Maybe he loves me more than friends, am I a fool to misplace that special feelings with love of when a person is young? I feel so uncertain.

His lips pressed onto mine with an audible thud. I can't think straight and before I can help myself, our lips work in sync. I push him away softly, opening my eyes.

"Sorry..." I blab, not knowing what else to say. Really? In this exact moment, why can't I just say something?

What the hell are we doing?

"Hannah," he breathes. He is breathing awfully loud. As stare at him, I don't know if I should say anything, even if I do, it would most likely be the wrong thing to say.

"I know you feel the same. I would never hurt you, I swear, you know it, I won't," he says catching his breath.

"I don't know if I can do this Jake. We're..."

"We're friends is that what you were going to say?"

"Yes. We. Are. Friends." Goodness, what is becoming of me? Am I losing my sanity?

Is he mad now? Annoyed? His face, it takes a form I have never seen before.

"What can I do to have you believe I'm not that bad? Can you tell me that after all this time you never caught on, that I might have feelings for you, that you feel the same way?" He asks patiently, his eyes holding mine ever so slightly.

"I know you won't stop. And, unfortunately, I am not sure what I want for me. This? Us? I have no idea. And I don't feel like talking about feelings Jake, you know that about me." Jake is one of the only people that know that I don't really open up.

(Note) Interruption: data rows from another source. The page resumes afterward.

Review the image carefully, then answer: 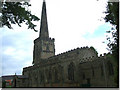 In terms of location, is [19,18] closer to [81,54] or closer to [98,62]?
[98,62]

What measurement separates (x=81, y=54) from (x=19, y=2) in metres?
22.6

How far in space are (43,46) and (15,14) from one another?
134 ft

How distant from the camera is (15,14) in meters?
13.5

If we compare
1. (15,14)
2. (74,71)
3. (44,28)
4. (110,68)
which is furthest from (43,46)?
(15,14)

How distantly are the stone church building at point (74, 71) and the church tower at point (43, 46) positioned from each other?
8290 mm

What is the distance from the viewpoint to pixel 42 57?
5309 centimetres

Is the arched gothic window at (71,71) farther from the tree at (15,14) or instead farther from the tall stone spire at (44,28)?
the tall stone spire at (44,28)

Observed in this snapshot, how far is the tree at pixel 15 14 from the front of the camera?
515 inches

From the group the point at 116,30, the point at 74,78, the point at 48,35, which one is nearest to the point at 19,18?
the point at 116,30

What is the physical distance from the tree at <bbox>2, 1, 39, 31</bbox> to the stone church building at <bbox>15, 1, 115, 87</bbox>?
393 inches

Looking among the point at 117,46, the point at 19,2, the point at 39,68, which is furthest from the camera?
the point at 39,68

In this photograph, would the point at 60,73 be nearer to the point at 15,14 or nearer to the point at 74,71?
the point at 74,71

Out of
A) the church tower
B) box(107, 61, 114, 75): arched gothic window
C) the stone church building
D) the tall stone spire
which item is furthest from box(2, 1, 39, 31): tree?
the tall stone spire

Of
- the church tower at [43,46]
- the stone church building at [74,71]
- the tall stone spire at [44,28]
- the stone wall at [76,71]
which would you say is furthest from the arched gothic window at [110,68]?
the tall stone spire at [44,28] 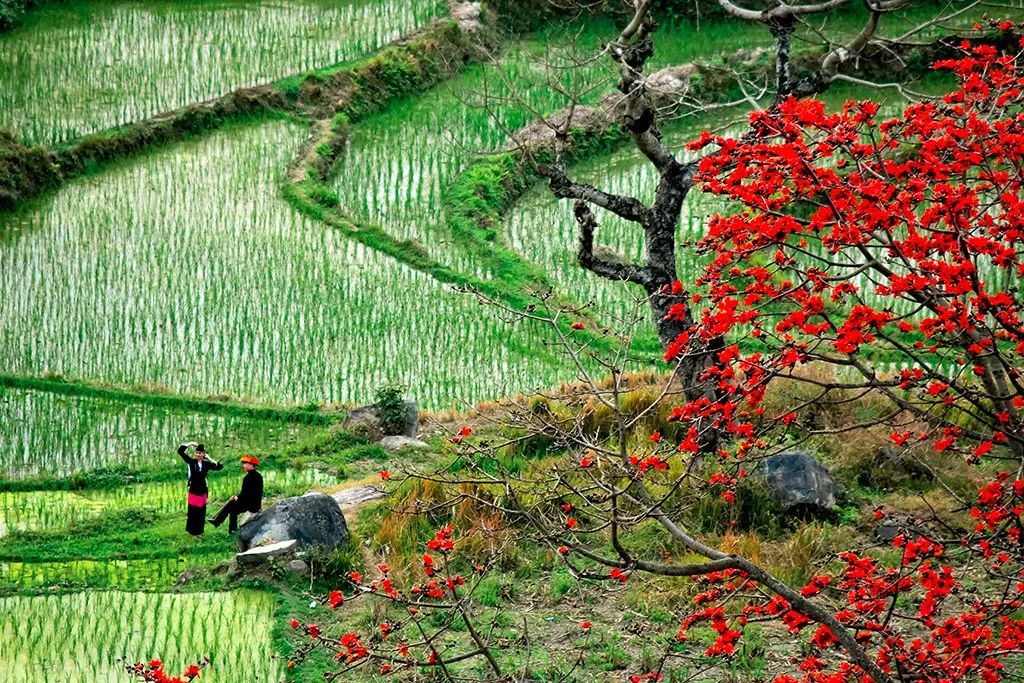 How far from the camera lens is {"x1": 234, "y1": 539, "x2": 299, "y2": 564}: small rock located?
862 centimetres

"I don't know what you think, but I know the look you give me when I did something random or stupid, the way you laugh at my bad jokes and how your eyes light up when we're together." 

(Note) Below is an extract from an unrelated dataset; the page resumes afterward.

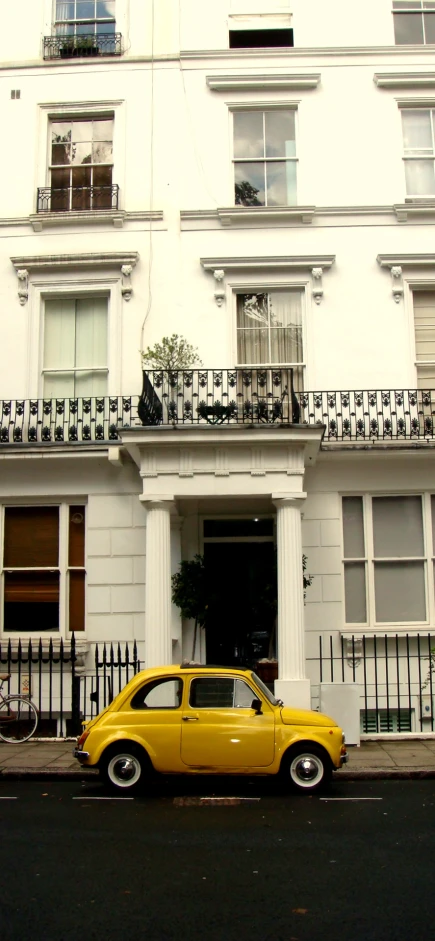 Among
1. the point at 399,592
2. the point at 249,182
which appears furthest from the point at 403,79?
the point at 399,592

"You may not say it but I am honest, I know it. We have a connection, I feel you when we are parted by distance, don't you dare deny it." He sighs deeply, "you know it's true."

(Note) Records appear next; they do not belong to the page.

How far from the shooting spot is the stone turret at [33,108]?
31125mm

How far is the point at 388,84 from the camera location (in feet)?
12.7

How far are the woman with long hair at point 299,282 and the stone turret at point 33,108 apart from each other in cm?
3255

My mind feels like it is in different corners of the room and then intact again. I am losing my sanity completely! 

"Would it really be that bad?" he asks, hope lacing his velvet voice.

"No! I mean to say that..." I am not sure what I mean to say.

"Then be mine!" He exclaims. "Hannah, I can't keep away from you, you consume my every thought."

"Sorry?" I ask dumbfounded, scowling.

Does he perhaps know that's not how I mean for it to sound? He knows me well enough. Years now, we have been friends. Still, you can never really know a person, not fully, ever.

"I have loved you since we met. You drove me insane then and I was hoping that you would feel the same. I know that you're sensitive on this topic, but I am poisoning my heart, keeping my feelings from you."

I should say something now, but how do I wrap my head around all this new information?

"Well, we clearly have to talk. Lots have happened and but I have to get going. See you later?" I grab my bag, I have to see Liz now. ASAP!

"You're right, just- think about what I said. Please."

I nod understandingly to his direction and dart through the door.
My heart and my mind is completely out of sync. Completely.